Another problem with the detection of recurrent head and neck squamous cell cancer is highlighted in the article. The investigators chose to study only those patients with clinical symptoms of recurrence. Limiting an investigation to this population often means that the patient is less likely to receive salvage therapy than those whose recurrence is detected before becoming symptomatic. Pain, a common symptom of recurrence, may be caused by ulceration. Pain also can arise from disease invasion into nerves, deep musculature, and bone. In other words, symptoms often manifest late. Ulceration or growth of a mass at the primary site is often the tip of an untreatable iceberg. The authors correctly underscore that their article does not address surveillance as an attempt to detect asymptomatic recurrence. These are the people we are far more likely to identify for salvage therapy successfully.

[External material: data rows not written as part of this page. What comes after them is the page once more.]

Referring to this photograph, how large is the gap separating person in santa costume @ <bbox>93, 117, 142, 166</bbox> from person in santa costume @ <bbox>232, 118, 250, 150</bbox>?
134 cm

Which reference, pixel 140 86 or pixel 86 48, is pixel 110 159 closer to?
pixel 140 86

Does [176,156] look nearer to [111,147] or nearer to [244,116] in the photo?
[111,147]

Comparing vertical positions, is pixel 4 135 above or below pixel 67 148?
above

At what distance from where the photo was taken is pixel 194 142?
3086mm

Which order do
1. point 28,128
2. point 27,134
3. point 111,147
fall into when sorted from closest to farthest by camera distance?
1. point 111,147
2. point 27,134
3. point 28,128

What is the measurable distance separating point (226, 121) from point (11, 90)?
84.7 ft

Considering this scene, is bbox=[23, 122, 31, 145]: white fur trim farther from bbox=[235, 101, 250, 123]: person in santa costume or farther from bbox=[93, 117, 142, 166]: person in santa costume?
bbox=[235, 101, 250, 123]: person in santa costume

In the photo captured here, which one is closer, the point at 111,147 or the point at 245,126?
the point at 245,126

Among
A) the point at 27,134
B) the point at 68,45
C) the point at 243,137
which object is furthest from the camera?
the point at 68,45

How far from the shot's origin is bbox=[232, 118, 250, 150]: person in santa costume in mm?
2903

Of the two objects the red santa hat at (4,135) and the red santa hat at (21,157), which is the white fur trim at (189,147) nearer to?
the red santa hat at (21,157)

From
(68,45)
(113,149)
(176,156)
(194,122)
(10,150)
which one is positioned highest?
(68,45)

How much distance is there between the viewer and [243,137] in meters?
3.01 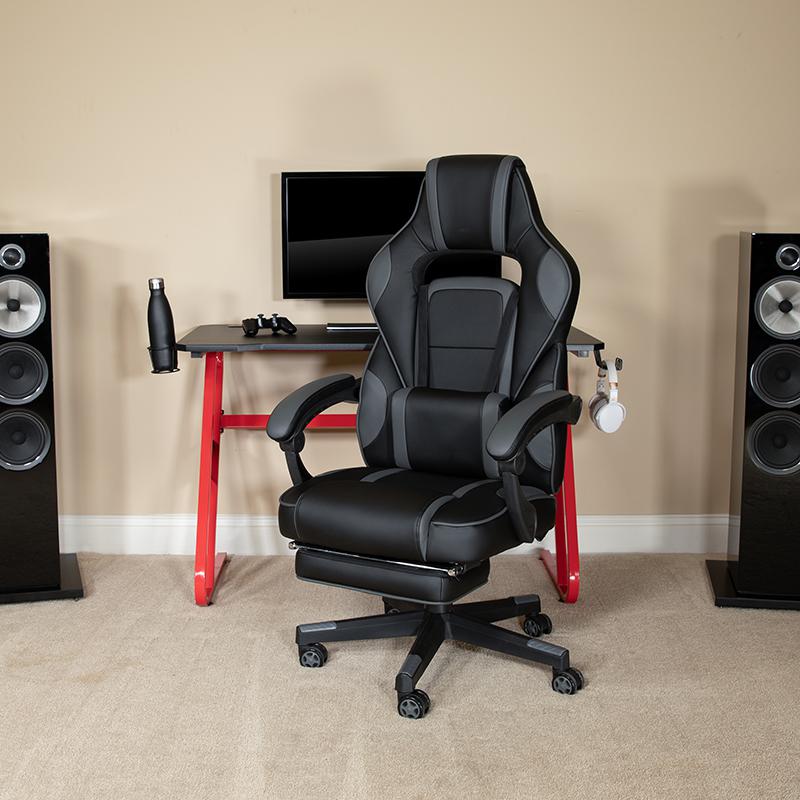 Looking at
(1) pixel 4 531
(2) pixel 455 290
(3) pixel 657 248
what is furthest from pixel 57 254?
(3) pixel 657 248

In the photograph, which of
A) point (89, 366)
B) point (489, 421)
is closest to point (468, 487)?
point (489, 421)

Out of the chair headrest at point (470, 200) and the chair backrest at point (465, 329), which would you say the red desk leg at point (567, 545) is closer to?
the chair backrest at point (465, 329)

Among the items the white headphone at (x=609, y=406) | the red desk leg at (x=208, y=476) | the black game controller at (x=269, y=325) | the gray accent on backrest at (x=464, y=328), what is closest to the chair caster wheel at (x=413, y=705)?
the gray accent on backrest at (x=464, y=328)

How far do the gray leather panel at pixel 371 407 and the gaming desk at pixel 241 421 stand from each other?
9.6 inches

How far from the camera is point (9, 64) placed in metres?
3.35

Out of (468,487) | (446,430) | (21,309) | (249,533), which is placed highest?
(21,309)

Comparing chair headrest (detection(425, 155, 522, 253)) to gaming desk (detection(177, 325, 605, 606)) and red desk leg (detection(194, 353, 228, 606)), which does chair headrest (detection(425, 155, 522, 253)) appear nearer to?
gaming desk (detection(177, 325, 605, 606))

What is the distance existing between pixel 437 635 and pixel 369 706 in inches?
10.1

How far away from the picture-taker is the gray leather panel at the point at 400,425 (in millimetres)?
2688

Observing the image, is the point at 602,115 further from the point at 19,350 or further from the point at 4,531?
the point at 4,531

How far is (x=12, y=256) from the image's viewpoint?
2980 mm

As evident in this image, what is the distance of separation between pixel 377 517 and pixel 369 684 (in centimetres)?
48

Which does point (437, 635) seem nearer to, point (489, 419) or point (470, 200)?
point (489, 419)

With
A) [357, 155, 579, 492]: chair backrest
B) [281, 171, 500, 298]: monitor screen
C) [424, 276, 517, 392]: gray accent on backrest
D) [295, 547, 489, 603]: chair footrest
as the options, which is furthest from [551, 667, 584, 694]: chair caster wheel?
[281, 171, 500, 298]: monitor screen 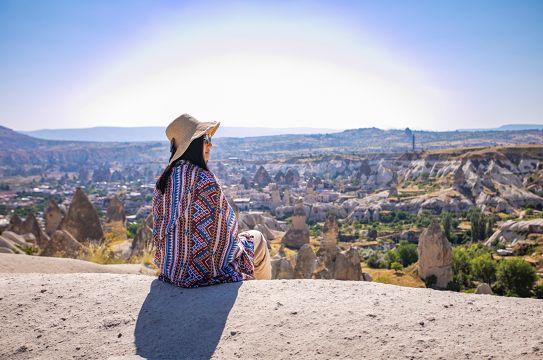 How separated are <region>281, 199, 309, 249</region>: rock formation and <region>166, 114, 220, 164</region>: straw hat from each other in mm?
21802

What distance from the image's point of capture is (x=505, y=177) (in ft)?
150

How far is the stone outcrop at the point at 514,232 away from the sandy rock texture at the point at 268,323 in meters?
25.1

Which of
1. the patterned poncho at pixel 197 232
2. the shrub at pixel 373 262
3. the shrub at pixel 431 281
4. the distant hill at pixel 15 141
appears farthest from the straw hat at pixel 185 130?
the distant hill at pixel 15 141

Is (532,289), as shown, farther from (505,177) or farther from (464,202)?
(505,177)

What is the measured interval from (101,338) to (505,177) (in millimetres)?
48878

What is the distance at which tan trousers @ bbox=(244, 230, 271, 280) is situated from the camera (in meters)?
3.54

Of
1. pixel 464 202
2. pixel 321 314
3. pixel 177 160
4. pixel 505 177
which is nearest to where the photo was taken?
pixel 321 314

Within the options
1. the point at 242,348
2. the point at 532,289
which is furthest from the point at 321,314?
the point at 532,289

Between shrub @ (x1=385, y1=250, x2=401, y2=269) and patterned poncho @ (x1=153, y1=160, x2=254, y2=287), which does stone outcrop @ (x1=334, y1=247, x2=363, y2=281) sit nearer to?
patterned poncho @ (x1=153, y1=160, x2=254, y2=287)

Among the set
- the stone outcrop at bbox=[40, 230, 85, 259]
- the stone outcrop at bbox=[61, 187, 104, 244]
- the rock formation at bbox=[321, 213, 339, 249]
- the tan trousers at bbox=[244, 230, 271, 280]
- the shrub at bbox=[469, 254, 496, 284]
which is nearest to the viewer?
the tan trousers at bbox=[244, 230, 271, 280]

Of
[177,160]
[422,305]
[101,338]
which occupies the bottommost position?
[101,338]

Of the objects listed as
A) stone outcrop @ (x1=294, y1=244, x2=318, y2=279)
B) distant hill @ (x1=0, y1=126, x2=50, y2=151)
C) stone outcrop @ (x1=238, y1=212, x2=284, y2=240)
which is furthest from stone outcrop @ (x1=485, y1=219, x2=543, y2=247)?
distant hill @ (x1=0, y1=126, x2=50, y2=151)

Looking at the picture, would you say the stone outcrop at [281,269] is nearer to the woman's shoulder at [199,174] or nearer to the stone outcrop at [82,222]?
the stone outcrop at [82,222]

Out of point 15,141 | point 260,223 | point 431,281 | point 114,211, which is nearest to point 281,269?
point 431,281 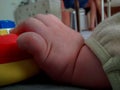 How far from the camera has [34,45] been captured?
0.36 metres

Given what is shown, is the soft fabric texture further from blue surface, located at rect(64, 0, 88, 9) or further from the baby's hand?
blue surface, located at rect(64, 0, 88, 9)

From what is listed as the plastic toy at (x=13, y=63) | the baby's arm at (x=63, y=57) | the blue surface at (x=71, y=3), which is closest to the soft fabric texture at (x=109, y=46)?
the baby's arm at (x=63, y=57)

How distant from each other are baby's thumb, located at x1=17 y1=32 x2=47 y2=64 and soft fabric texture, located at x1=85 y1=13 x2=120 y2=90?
9cm

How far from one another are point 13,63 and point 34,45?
59mm

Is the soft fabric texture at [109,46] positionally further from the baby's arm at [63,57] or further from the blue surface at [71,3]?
the blue surface at [71,3]

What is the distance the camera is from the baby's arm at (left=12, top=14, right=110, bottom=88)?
360 mm

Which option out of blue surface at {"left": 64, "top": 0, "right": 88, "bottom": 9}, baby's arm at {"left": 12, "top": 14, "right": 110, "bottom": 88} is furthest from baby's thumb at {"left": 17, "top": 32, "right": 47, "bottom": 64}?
blue surface at {"left": 64, "top": 0, "right": 88, "bottom": 9}

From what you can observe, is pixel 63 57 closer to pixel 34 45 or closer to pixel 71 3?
pixel 34 45

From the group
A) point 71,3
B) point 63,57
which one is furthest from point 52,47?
point 71,3

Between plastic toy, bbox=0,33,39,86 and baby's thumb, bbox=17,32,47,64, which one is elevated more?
baby's thumb, bbox=17,32,47,64

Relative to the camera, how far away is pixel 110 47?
0.35m

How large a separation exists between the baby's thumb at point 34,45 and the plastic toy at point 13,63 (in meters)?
0.02

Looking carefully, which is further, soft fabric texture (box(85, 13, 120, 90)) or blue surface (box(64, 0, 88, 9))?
blue surface (box(64, 0, 88, 9))

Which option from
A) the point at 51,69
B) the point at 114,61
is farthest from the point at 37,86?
the point at 114,61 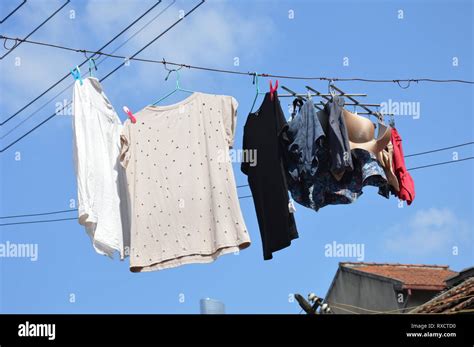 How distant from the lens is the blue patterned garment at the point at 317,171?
7.62 meters

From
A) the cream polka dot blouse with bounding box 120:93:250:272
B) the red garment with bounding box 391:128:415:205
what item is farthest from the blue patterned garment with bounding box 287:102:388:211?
the cream polka dot blouse with bounding box 120:93:250:272

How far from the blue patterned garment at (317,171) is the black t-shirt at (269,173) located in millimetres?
123

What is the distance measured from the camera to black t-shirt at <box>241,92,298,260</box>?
7.48 metres

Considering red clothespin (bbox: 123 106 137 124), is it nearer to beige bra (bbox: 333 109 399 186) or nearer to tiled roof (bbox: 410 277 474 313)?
beige bra (bbox: 333 109 399 186)

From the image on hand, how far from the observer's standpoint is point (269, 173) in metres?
7.66

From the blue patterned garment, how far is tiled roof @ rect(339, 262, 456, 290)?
7458 mm

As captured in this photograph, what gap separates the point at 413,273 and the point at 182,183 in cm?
995

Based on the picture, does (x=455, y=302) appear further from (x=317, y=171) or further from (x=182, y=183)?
(x=182, y=183) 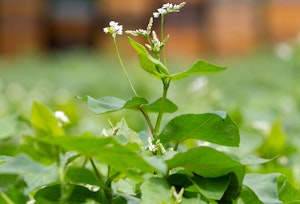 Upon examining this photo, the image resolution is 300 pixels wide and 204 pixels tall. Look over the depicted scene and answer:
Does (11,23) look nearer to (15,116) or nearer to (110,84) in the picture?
(110,84)

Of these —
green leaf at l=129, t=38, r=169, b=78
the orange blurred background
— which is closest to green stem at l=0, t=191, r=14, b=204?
green leaf at l=129, t=38, r=169, b=78

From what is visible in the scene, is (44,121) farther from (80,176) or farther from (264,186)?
(264,186)

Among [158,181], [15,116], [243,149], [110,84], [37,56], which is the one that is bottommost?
[37,56]

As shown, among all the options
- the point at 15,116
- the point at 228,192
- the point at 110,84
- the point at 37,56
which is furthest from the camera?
the point at 37,56

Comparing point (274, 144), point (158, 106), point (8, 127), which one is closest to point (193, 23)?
point (274, 144)

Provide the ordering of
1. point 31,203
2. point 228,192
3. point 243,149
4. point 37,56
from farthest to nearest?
point 37,56, point 243,149, point 228,192, point 31,203

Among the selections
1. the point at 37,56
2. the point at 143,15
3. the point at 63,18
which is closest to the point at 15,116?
the point at 37,56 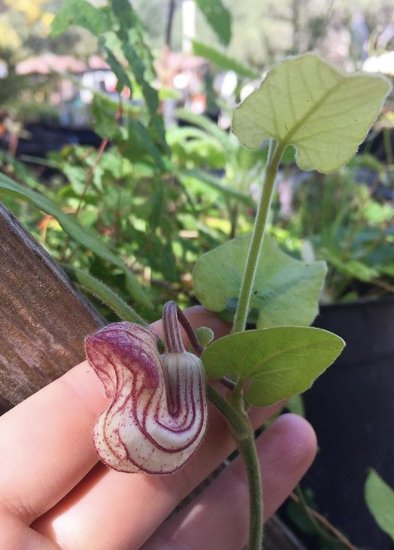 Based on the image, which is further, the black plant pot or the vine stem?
the black plant pot

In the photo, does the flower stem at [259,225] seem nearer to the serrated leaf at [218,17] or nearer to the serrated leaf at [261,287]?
the serrated leaf at [261,287]

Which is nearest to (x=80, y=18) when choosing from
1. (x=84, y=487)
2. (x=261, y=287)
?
(x=261, y=287)

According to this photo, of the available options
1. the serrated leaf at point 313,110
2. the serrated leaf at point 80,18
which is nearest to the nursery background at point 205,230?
the serrated leaf at point 80,18

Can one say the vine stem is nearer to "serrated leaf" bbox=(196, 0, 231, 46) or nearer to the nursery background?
the nursery background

Now that we understand the tools available for detecting asymptomatic recurrence to include CT, MR imaging, and at least two radionuclide techniques, we must begin to apply these as part of our “third-best strategy” in the war against head and neck cancer. Patients at moderate or high risk for recurrence can be identified based on pretreatment imaging and clinical criteria. These patients should have baseline post-treatment studies about 3 months after completion of therapy. The choice of study at this time is not clear, but it seems that either CT or radionuclide studies should suffice. There is no reliable reported experience with MR imaging to date regarding this issue, but it should work as well. It is very likely that a CT baseline study, showing normal post-treatment changes, will correlate with a 90% to 95% chance of local control. A second follow-up study 6 months after completion of initial therapy, showing stable post-treatment changes or no significant focal accumulation of tracer on CT, will raise the likelihood of local control to nearly 100%. The corollary of this suggested scenario is that progressive imaging changes or focal tracer accumulation will indicate recurrence in about 75% or more of the cases in which those findings occur. With such high positive and negative predictive values, biopsy, with its attendant risks, should be performed only when confronted with a very high likelihood of recurrent tumor. This group will have been triaged on the basis of a pretreatment risk profile and objective post-treatment surveillance studies.
This is not a plea for imaging all patients treated for head and neck cancer. Such a suggestion would be economically irresponsible. It is a plea for the logical and judicious application of powerful imaging tools to help improve the salvage rate and reduce the morbidity of treatment for recurrent head and neck squamous cell cancer. This will become more important as targeted nonsurgical salvage therapies become more widely available in the near future.